Wait — this seems incorrect. The Sun is not $1.6 \times 10^8$ light years from Proxima Centauri. That’s way too far. Actually, Proxima Centauri is about 4.24 light years away from Earth (and the Sun).
But let’s assume the problem says:
> "The sun is about $1.6 \times 10^8$ light years from Proxima Centauri" — which is likely a typo or fictional scenario.
But let’s follow the math as written.
We are to compute:
$$
\text{Distance} = (\text{light years}) \times (\text{miles per light year})
= (1.6 \times 10^8) \times (5.88 \times 10^{12})
$$
Multiply coefficients:
$$
1.6 \times 5.88 = 9.408
$$
Add exponents:
$$
10^8 \times 10^{12} = 10^{20}
$$
So,
$$
9.408 \times 10^{20}
$$
Rounded to two significant figures:
$$
\boxed{9.4 \times 10^{20}} \text{ miles}
$$
But your answer shows $9.4 \times 10^{20}$ — so you're correct if the distance is indeed $1.6 \times 10^8$ light years.
⚠️ However, this value is astronomically wrong in reality — Proxima Centauri is only ~4.24 light years away.
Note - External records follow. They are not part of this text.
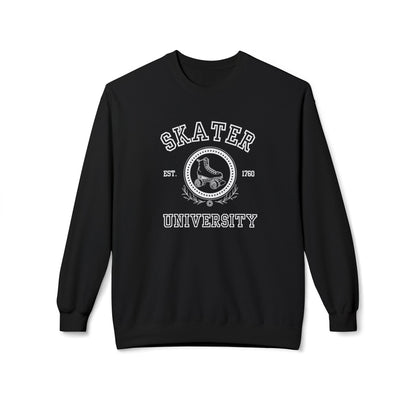 Skater University Unisex Fleece Crewneck Sweatshirt
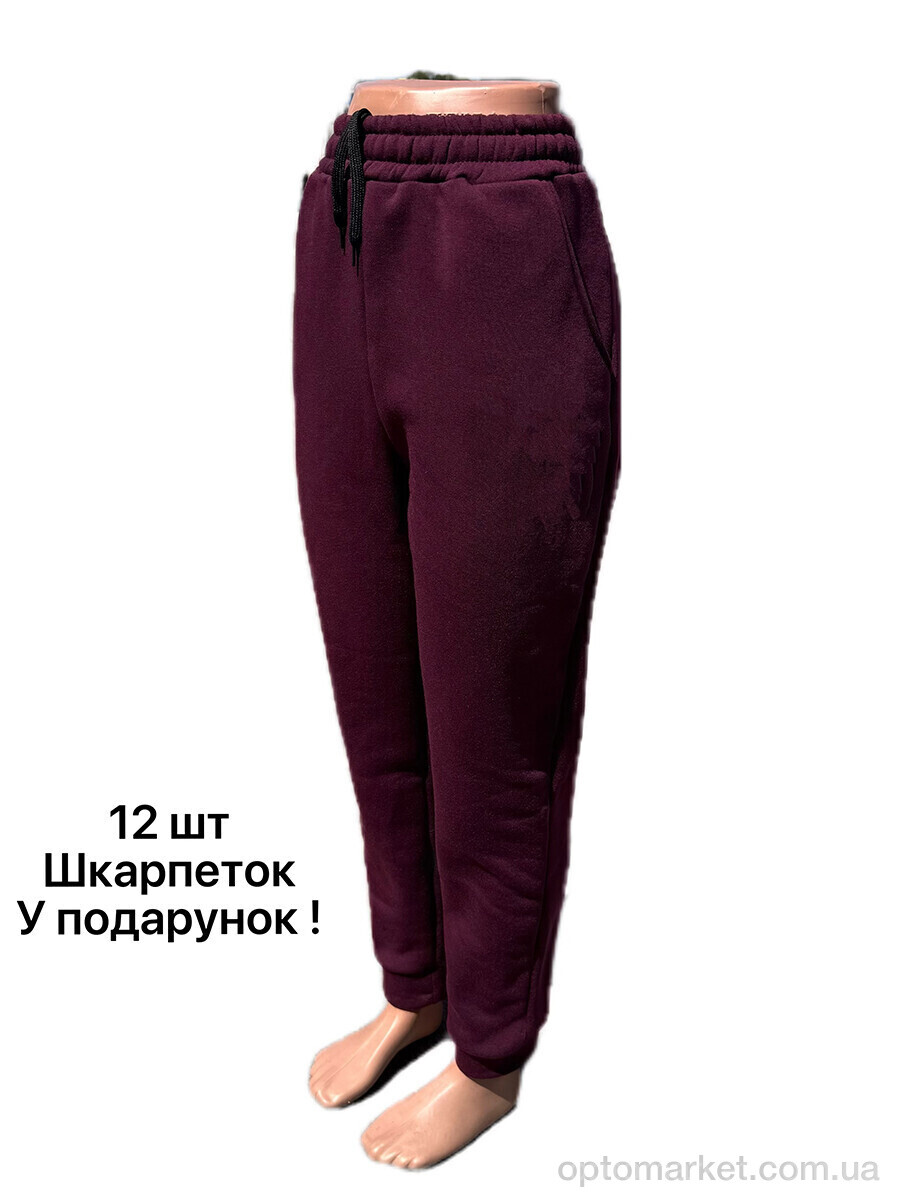 Купить Спортивні штаны жіночі Брюки спорт жіночі бордовий Riza бордовий, фото 1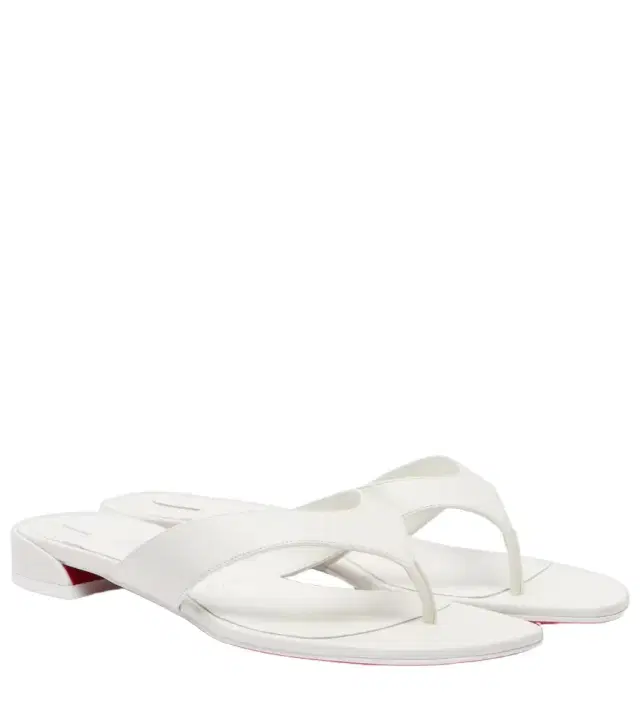 Christian Louboutin Sweet Janetonga leather thong sandals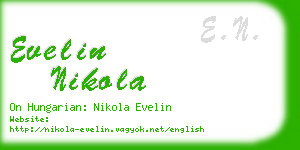 evelin nikola business card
But since this is a math problem, we accept the numbers as given.
✔ Your answer $9.4 \times 10^{20}$ is correct based on the given values.
---
Problem 4:
> The density of silver is $1.05 \times 10^4$. The density of calcium is $1.5 \times 10^3$. How many times greater is the density of silver than of calcium?
#### Step-by-step solution:
We divide the density of silver by the density of calcium:
$$
\frac{1.05 \times 10^4}{1.5 \times 10^3}
$$
Divide coefficients:
$$
\frac{1.05}{1.5} = 0.7
$$
Subtract exponents:
$$
10^{4 - 3} = 10^1
$$
So:
$$
0.7 \times 10^1 = 7
$$
Thus, silver is 7 times denser than calcium.
Answer: $\boxed{7}$
✔ Your answer $7$ is correct!
---
Problem 5:
> The distance from Earth to the imaginary planet Melo is $1.7 \times 10^9$ miles. If a spaceship is capable of traveling $3.408 \times 10^4$ miles per hour, how many days will it take the spaceship to reach the planet Melo? Round your answer to the nearest day.
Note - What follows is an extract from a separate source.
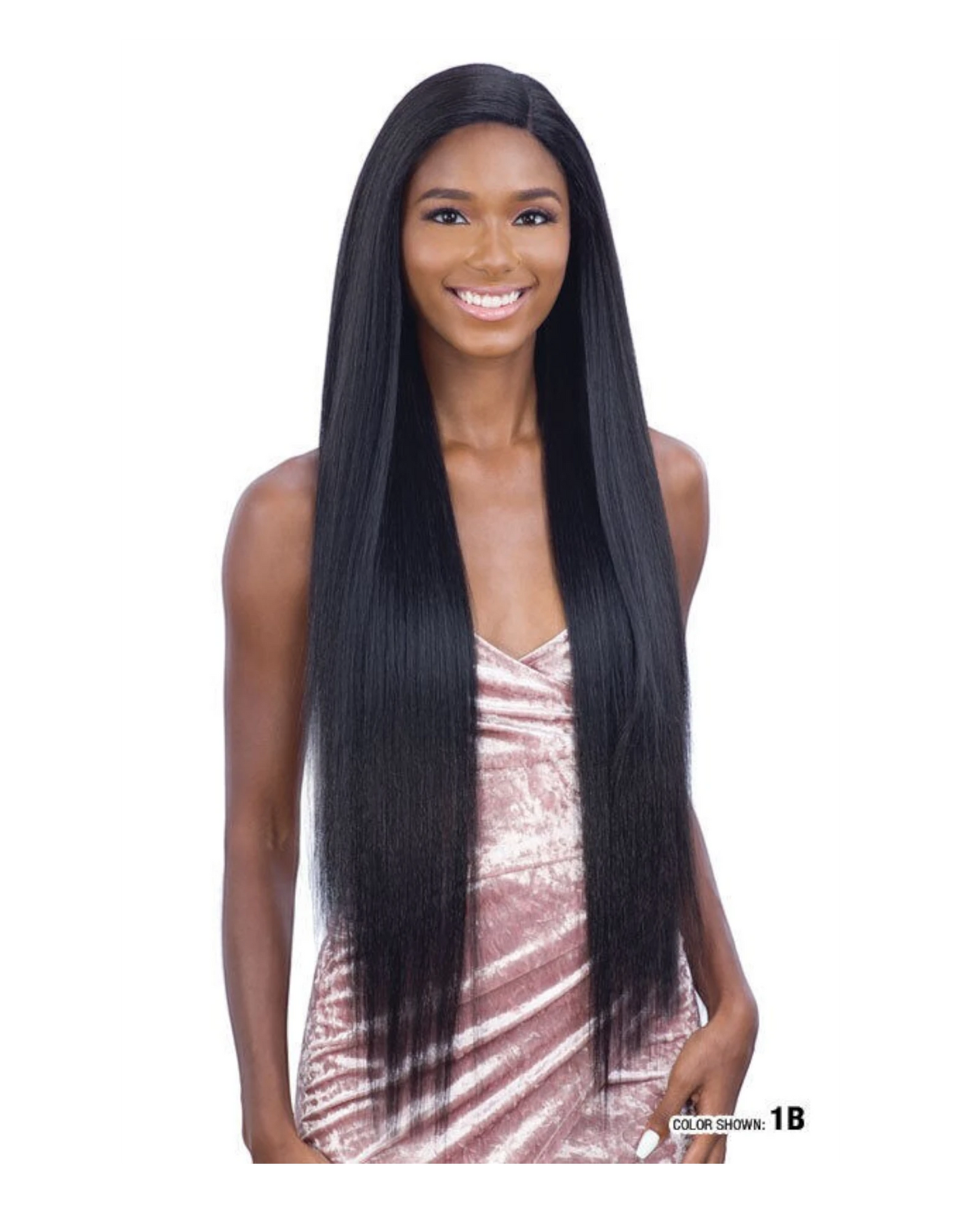 Obsession Synthetic Swiss HD Lace Front Free Part Long Yaki Hair Wig - TAKEISHA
#### Step-by-step solution:
We use:
$$
\text{Time} = \frac{\text{Distance}}{\text{Speed}}
$$
$$
= \frac{1.7 \times 10^9}{3.408 \times 10^4}
$$
Divide coefficients:
$$
\frac{1.7}{3.408} \approx 0.499
$$
Subtract exponents:
$$
10^{9 - 4} = 10^5
$$
So:
$$
0.499 \times 10^5 = 4.99 \times 10^4 \text{ hours}
$$
Now convert hours to days:
$$
\frac{4.99 \times 10^4}{24} = \frac{49,900}{24} \approx 2079.17 \text{ days}
$$
Rounded to the nearest day: $\boxed{2079}$ days
But wait — your work shows:
$$
\frac{1.7 \times 10^9}{3.408 \times 10^4} = 0.499 \times 10^5 = 4.99 \times 10^4 \text{ hours}
$$
Then:
$$
\frac{4.99 \times 10^4}{24} = \frac{49,900}{24} = 2079.17 \Rightarrow \boxed{2079} \text{ days}
$$
But you wrote 499 days — which is incorrect.
✘ Your final answer 499 days is wrong.
You forgot to divide by 24 (hours per day). You computed total hours, but the question asks for days.
Let’s fix it:
$$
\text{Time in days} = \frac{4.99 \times 10^4}{24} = \frac{49,900}{24} \approx 2079.17 \approx \boxed{2079} \text{ days}
$$
✔ Corrected answer: $\boxed{2079}$ days
---
✔ Final Answers Summary:
1. $3.1 \times 10^{10}$ → ✔️ Correct
2. $3.3 \times 10^3$ → ✔️ Correct
3. $9.4 \times 10^{20}$ → ✔️ Correct (given data)
4. $7$ → ✔️ Correct
5. $499$ → ✘ Incorrect; should be 2079 days
---
🔧 Correction for Problem 5:
Corrected Work:
$$
\text{Time (hours)} = \frac{1.7 \times 10^9}{3.408 \times 10^4} = 4.99 \times 10^4 \text{ hours}
$$
$$
\text{Time (days)} = \frac{4.99 \times 10^4}{24} = 2079.17 \approx \boxed{2079} \text{ days}
$$
---
✔ Final Answer for Problem 5: 2079 days
Let me know if you'd like this formatted neatly for submission!
Parent Tip: Review the logic above to help your child master the concept of scientific notation word problems worksheet.